Justice Victor Ovie Whisky (6 April 1923 – 18 July 2012) was chairman of the Federal Electoral Commission (FEDECO) appointed by President Shehu Shagari during the Nigerian Second Republic. He held office from 1980 to 1983.

==Biography==
Whiskey attended King's College Lagos, Yaba Higher College and University College, Ibadan (now University of Ibadan). He is noted as being the leader of the 1944 Kings College boys strike against the colonial government of the time.
He worked as a clerk, and for a short period as a teacher, before being admitted to study law at the University of London.
He was called to the bar in 1952.
He practiced as a lawyer until 1960 when he became a magistrate in Western Region. In 1963 he was appointed chief magistrate of the newly formed Mid-Western Region, renamed Bendel State in 1976.

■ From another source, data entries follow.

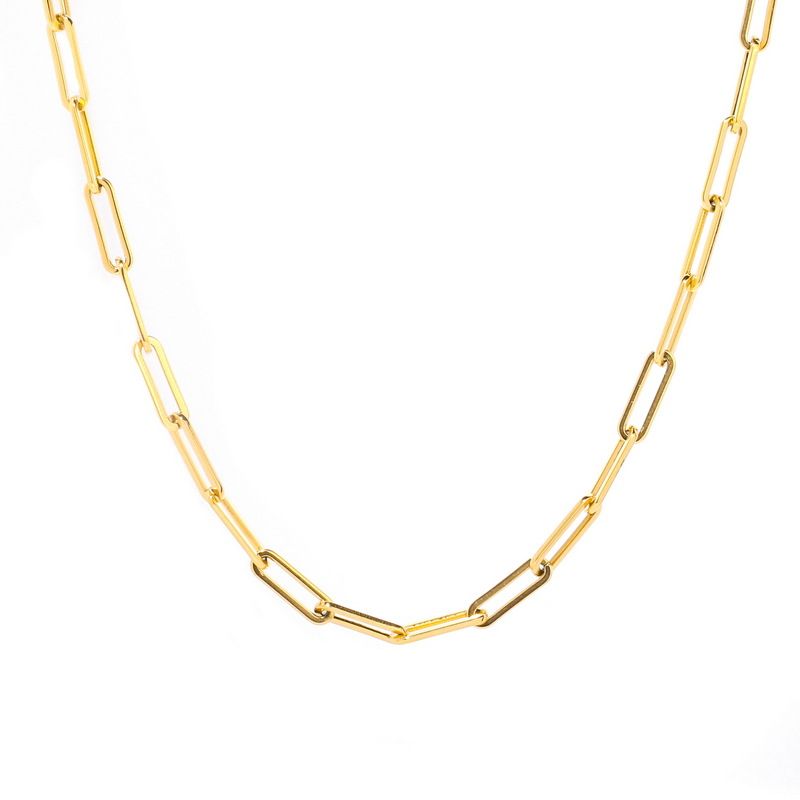 French Style Simple Light Layered Thin Cross Titanium Steel Necklace Unisex Versatile Minimalist Niche Design_voghion.com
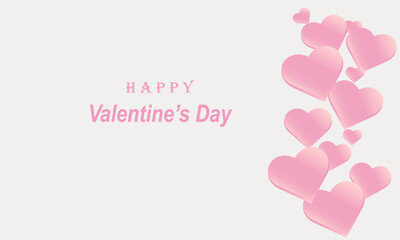 happy valentines day typography poster with handwritten calligraphy text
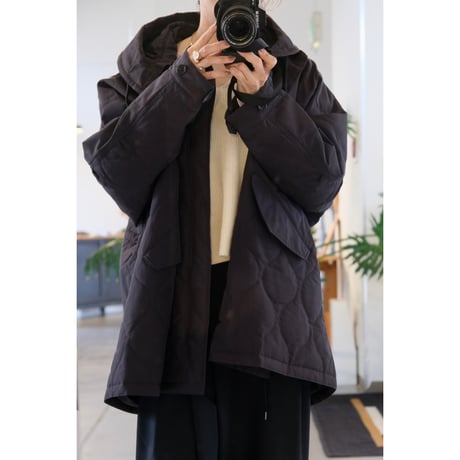 VACHEMENT   Cotton Nylon Quilted Mods Coat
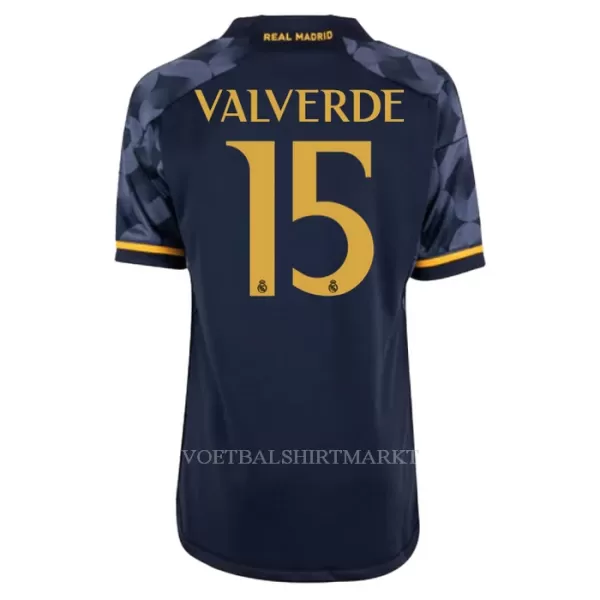 Real Madrid Valverde 15 Tenue Kind Uit 2023/24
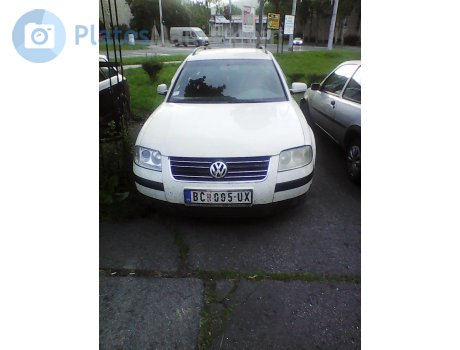BČ 005-UX, Volkswagen Passat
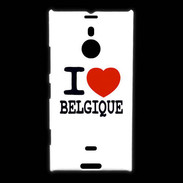 Coque Nokia Lumia 1520 I love Belgique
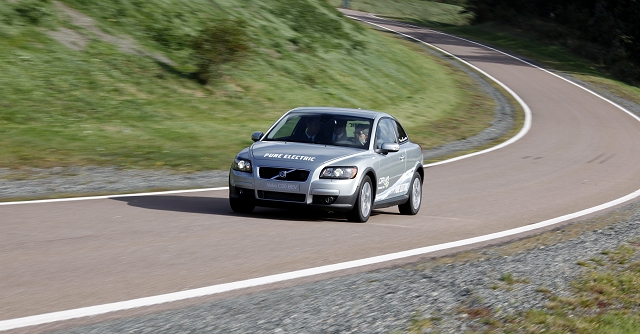 Volvo's electric future, driven. Image by Volvo.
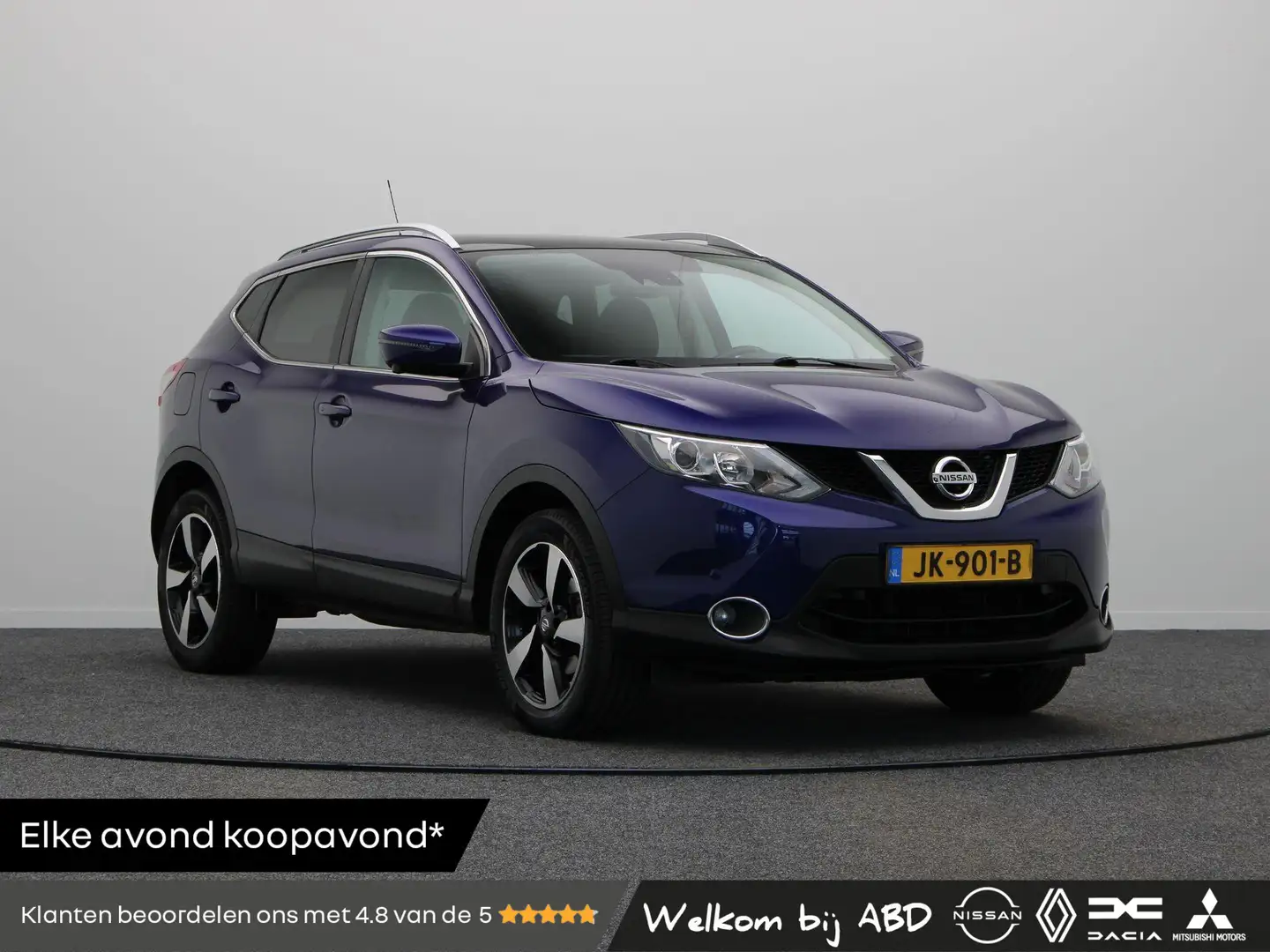 Nissan Qashqai 1.6 N-Connecta | Panoramadak | 360 Graden Camera | Blauw - 1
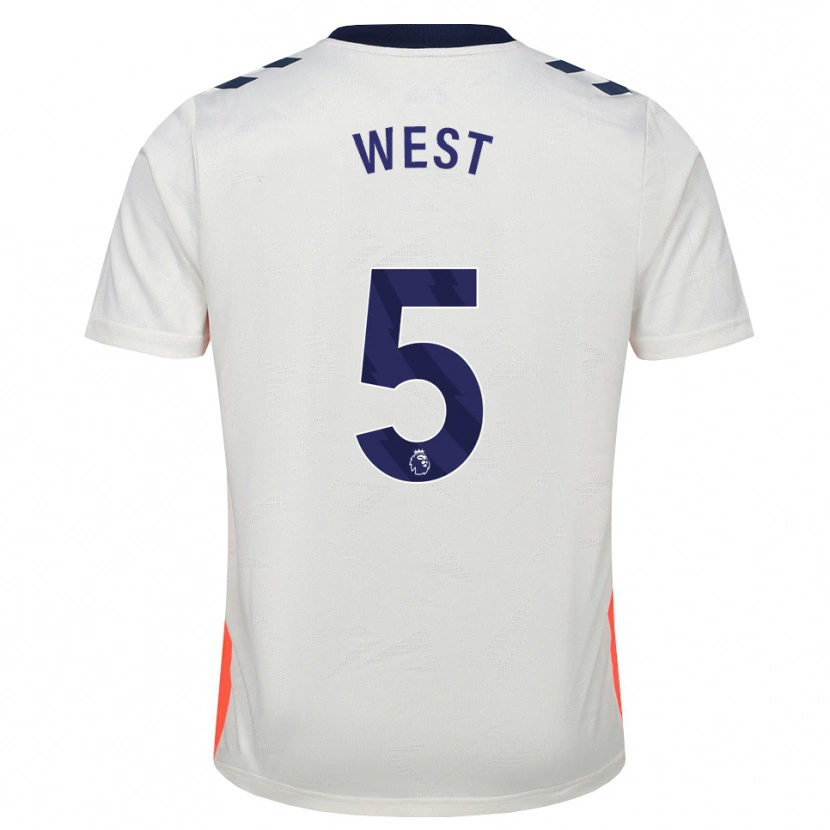 Danxen Kinderen Devon West #5 Wit Oranje Koninklijk Blauw Uitshirt Uittenue 2026/27 T-Shirt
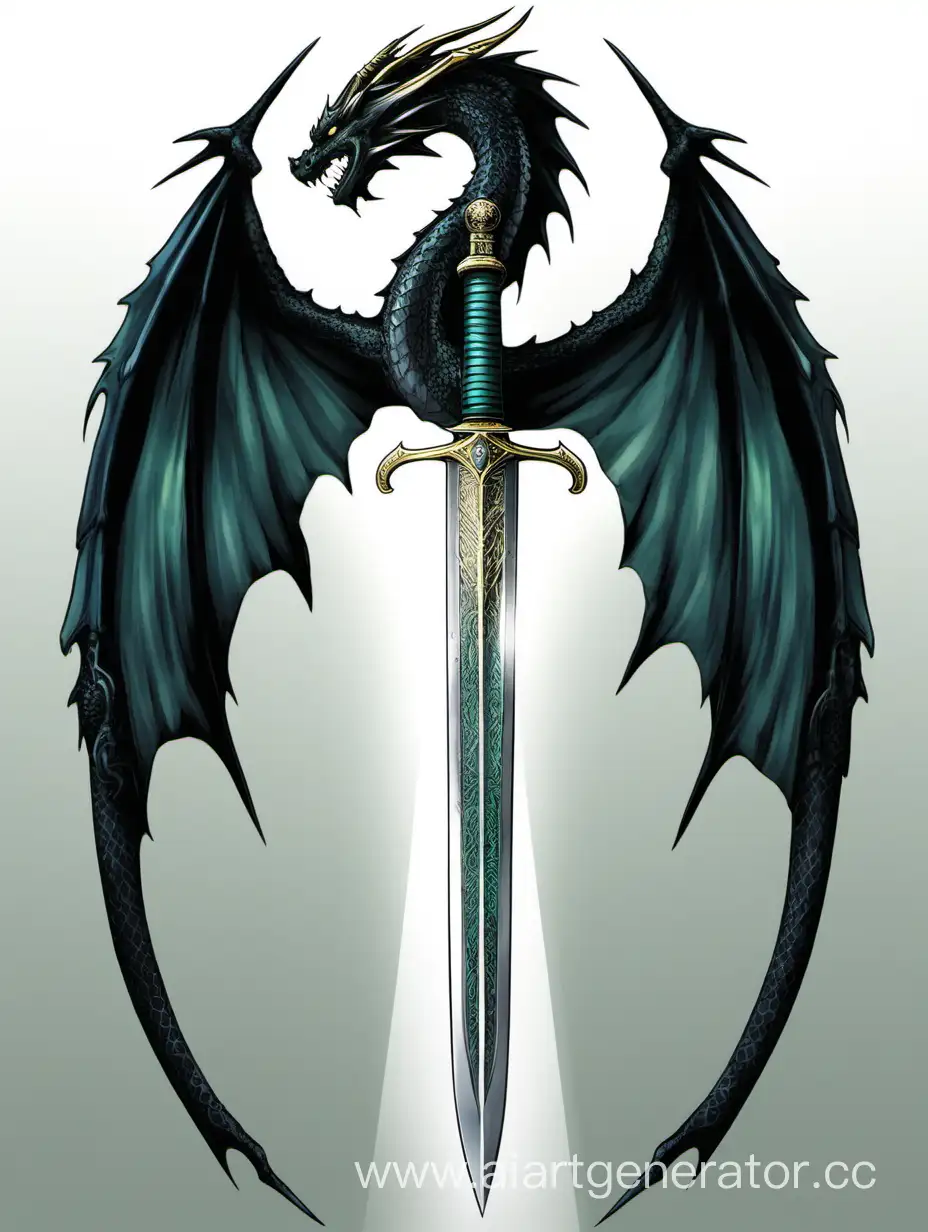 Majestic-Dragon-with-SwordLike-Wings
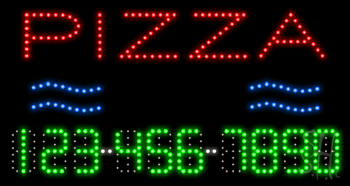 Pizza Animated LED Sign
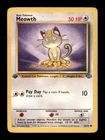 MEOWTH 56/64 C JUNGLE POKEMON 1ST EDITION MP
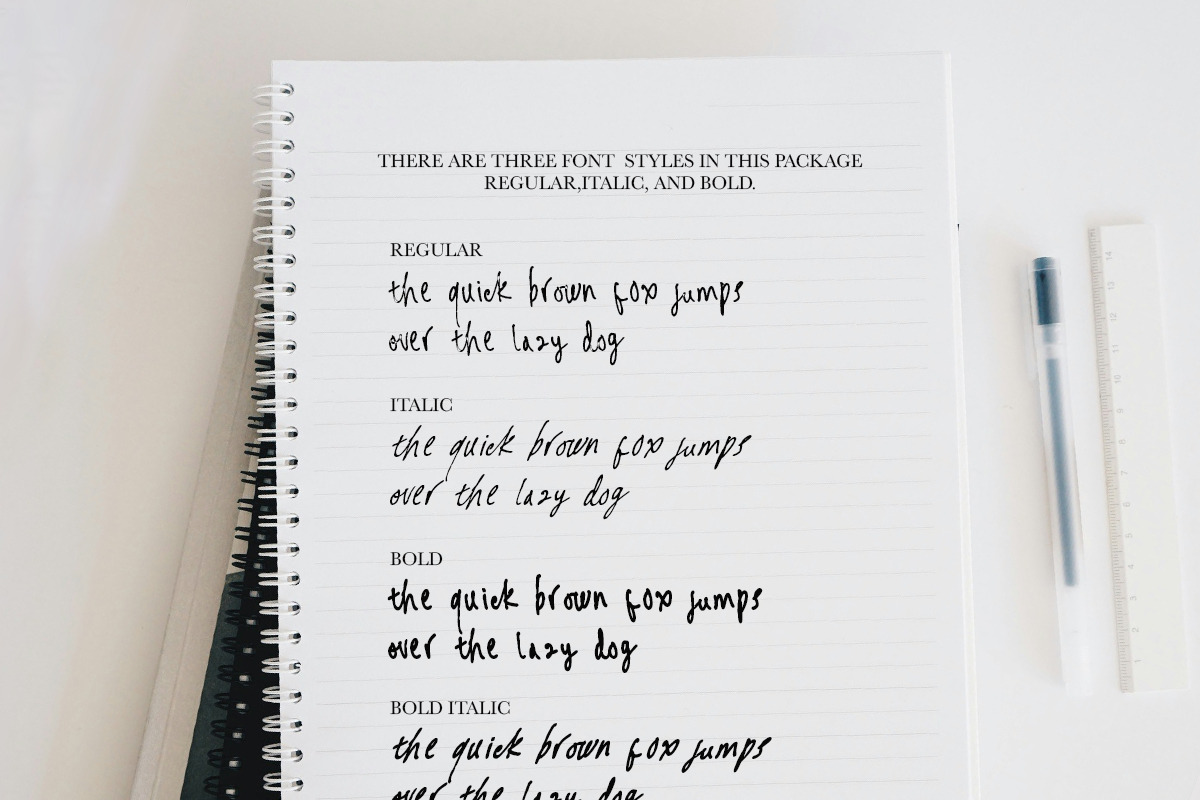 Tasty Breakfast - Handwritten Font, a Handwritten Font by Bale Type (Photo 9 of 10)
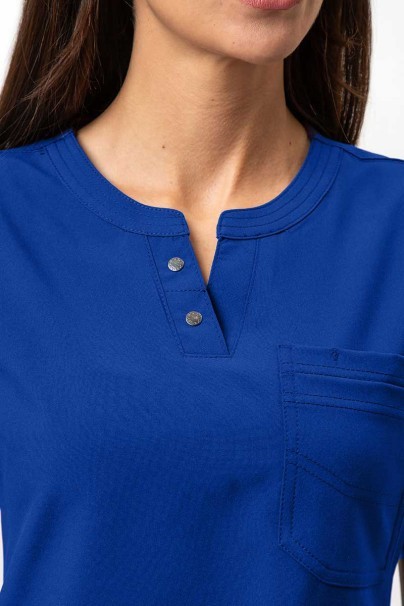 Dámska lekárska súprava Dickies EDS NXT (blúza Round Neck, nohavice Wide Leg) tmavo modrá-4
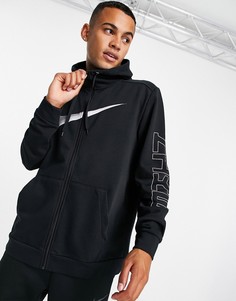 Черная куртка из ткани с капюшоном Nike Training Sport Clash-Черный цвет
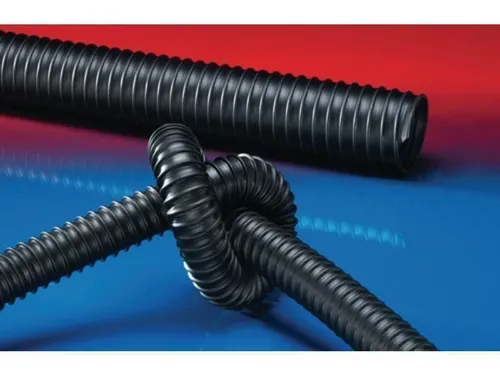 AIRDUC® PE 362 EC ID 80mm - Flexibler Absaug- und Förderschlauch - Bewässerung: Flexibler Schlauch für Gase und Stäube, ideal für Chemieindustrie und explosionsgefährdete Bereiche mit extremer Chemikalienbeständigkeit.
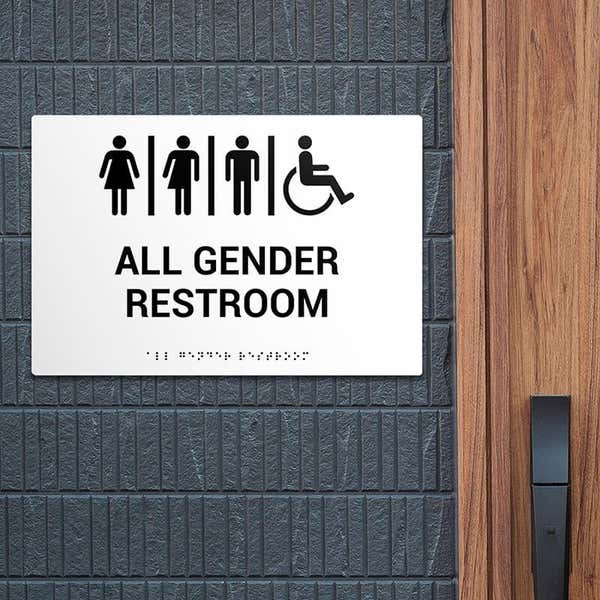 Custom ADA Sign for an all gender restroom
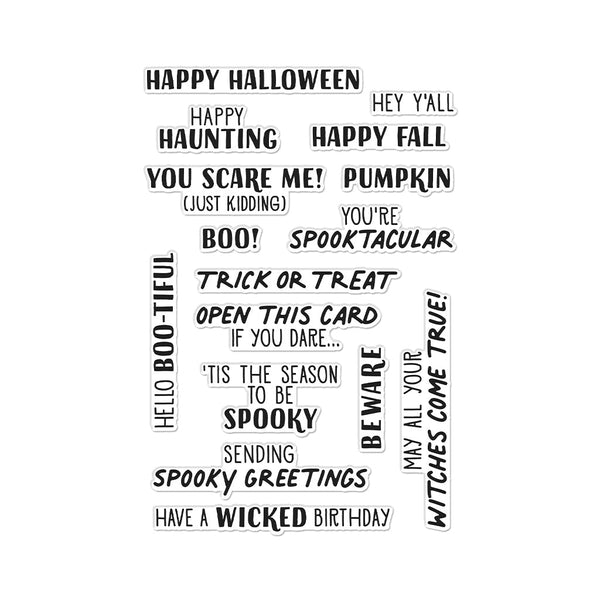Halloween Messages Clear Stamp Set – Hero Arts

At the time of Ovie-Whisky's 1980 appointment as head of FEDECO he was the Chief Judge of Bendel State, and was seen as upright and non-partisan. However, the general elections of 1983 were marred by widespread irregularities and the electoral officials were accused of rigging the results in favor of the National Party of Nigeria (NPN).
Ovie-Whisky declared that he was largely satisfied with the electoral process in 1983, but said: "We did not expect to be perfect".
He denied wrongdoing, and when questioned by reporters on whether "water passed under the bridge" in the elections, he said that he would faint if he saw N1 million cash.

In April 2009 the Ijaw Monitoring Group said Ovie-Whisky was in poor health and his condition required urgent attention from the Delta State Government.